Micro-vascular blood flow change in fetal brain was measured on a subset of dams (n = 3), by microprobe needle (probe 415–230) attached to a laser Doppler flow meter (PeriFlux System 5000, Perimed). After the dam was instrumented, a small 2 cm incision was made over the abdomen and the uterus was palpated for a fetal head. The microprobe was inserted 2 mm into fetal cortex through the uterine wall and retained in place manually until the end of the experiment. The abdominal incision was closed with slight pressure. The relative blood flow in arbitrary units was recorded before, during H-I, and during reperfusion-reoxygenation.

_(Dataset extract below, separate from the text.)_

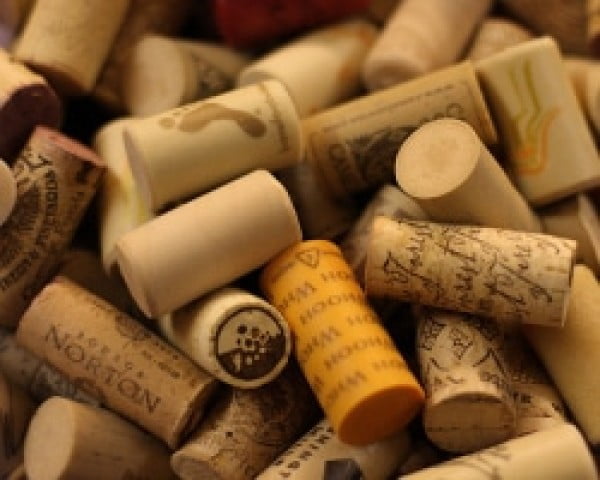 Trim the Tree with DIY Wine Cork Ornaments #DIY #craft #winecork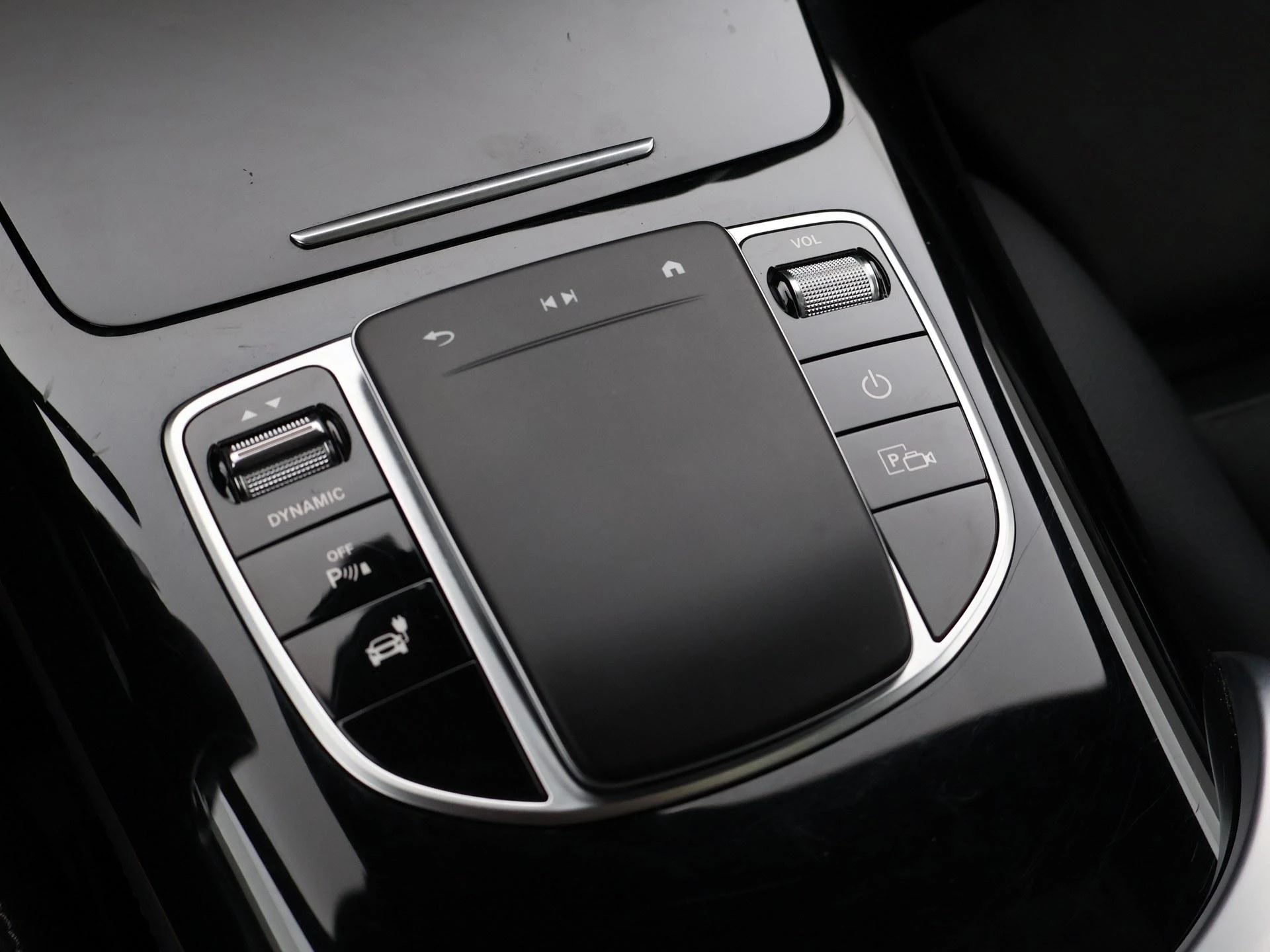 Hoofdafbeelding Mercedes-Benz EQC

Perfusion weighted imaging.

Imaging was performed on a subset of dams (n = 4), twice for each dam, once before aortic balloon inflation (before H-I), and once 5 min after deflation (end of H-I), by quantifying image intensity changes after contrast injection. The perfusion sequence consisted of nine 6 mm slices with a 5 mm gap, acquired in the transverse plane of the dam's trunk using a fast T1-weighted SPGR sequence. Imaging parameters were as follows: TE 1.1 ms, TR 3.3 ms, flip angle 25, bandwidth 83.3, 256 × 64 matrix, 18 cm FOV, 2 s per time point, 50 time points, no ECG triggering. The acquisition started 20 s before and continued during and after contrast intravenous injection of a bolus of 0.6 ml containing 0.30 mmol/kg Magnevist (Gadopentetae dimeglumine, Berlex) through the ear vein, followed by saline flush (3ml). Bolus injection took ∼15 s. A separate SSFSE scan was taken with the same slice geometry for in-plane anatomical reference to identify fetal brains. The slice package was placed in the center of abdomen, occupied by fetuses. Four to six individual fetal brains were identified in each rabbit dam for perfusion measurements. An index of fetal brain perfusion was estimated as slope of T1 signal enhancement (Li et al., 2000) when the contrast reached fetal brains. Relative changes in fetal brain perfusion were estimated as a ratio of the enhancement slopes analyzed for values obtained before and after H-I. Perfusion scans took ∼1.5 min each and were performed between DWI series so relative perfusion changes and ADC time course could be registered for the same fetuses. These perfusion values provide an indirect and noninvasive method of measuring fetal brain perfusion as Magnevist is known to cross placental and blood brain barriers (Taillieu et al., 2006).

Statistical analysis.

To account for within-litter data correlation, the differences between groups were tested using generalized estimating equations analysis, followed by post hoc multiple comparisons with Bonferroni correction using statistical package SAS 9.1. Data were presented as ±SEM. Comparisons of hypertonia and stillbirth rate between group and controls was done using Fisher's exact test with Bonferroni correction for multiple comparisons.